#### INSTRUCTIONS TO FOLLOW:
Retype exactly the lines from the one that contains "Gray 2026 Hyundai SANTA FE HEV SE" through the final line of the material below, and add nothing else.
RECORDED DATA below:
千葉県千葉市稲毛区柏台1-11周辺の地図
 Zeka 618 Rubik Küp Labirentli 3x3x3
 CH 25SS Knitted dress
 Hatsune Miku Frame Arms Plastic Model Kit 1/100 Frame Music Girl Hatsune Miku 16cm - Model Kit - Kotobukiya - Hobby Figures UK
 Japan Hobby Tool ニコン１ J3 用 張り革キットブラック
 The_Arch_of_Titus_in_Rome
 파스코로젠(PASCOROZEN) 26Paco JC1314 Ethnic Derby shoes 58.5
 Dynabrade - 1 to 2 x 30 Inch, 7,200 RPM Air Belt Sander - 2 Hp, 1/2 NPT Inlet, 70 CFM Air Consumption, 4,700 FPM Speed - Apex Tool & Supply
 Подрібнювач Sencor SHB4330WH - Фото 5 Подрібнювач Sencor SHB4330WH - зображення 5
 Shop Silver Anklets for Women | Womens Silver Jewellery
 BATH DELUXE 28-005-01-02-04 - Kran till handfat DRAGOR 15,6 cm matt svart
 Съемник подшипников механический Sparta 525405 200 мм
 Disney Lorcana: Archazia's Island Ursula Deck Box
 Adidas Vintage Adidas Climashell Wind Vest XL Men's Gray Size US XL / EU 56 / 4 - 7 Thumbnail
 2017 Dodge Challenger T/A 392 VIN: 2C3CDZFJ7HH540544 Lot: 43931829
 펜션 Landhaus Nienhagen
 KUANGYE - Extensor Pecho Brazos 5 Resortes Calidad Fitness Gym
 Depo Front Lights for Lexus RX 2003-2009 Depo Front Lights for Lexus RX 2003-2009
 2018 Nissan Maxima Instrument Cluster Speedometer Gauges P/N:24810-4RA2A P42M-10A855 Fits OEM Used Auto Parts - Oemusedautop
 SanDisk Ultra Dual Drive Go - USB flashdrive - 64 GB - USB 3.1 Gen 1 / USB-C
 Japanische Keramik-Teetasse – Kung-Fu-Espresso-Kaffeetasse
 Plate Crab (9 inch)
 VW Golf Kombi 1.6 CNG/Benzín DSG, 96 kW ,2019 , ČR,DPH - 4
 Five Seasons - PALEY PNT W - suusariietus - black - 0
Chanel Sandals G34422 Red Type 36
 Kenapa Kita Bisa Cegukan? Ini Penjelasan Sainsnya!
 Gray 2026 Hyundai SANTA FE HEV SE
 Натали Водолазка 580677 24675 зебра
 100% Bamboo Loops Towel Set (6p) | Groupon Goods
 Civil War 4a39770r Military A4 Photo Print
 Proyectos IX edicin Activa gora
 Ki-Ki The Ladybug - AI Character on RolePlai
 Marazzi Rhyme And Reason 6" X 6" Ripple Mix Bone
End of RECORDED DATA.
#### SOLUTION BELOW:
 Gray 2026 Hyundai SANTA FE HEV SE
 Натали Водолазка 580677 24675 зебра
 100% Bamboo Loops Towel Set (6p) | Groupon Goods
 Civil War 4a39770r Military A4 Photo Print
 Proyectos IX edicin Activa gora
 Ki-Ki The Ladybug - AI Character on RolePlai
 Marazzi Rhyme And Reason 6" X 6" Ripple Mix Bone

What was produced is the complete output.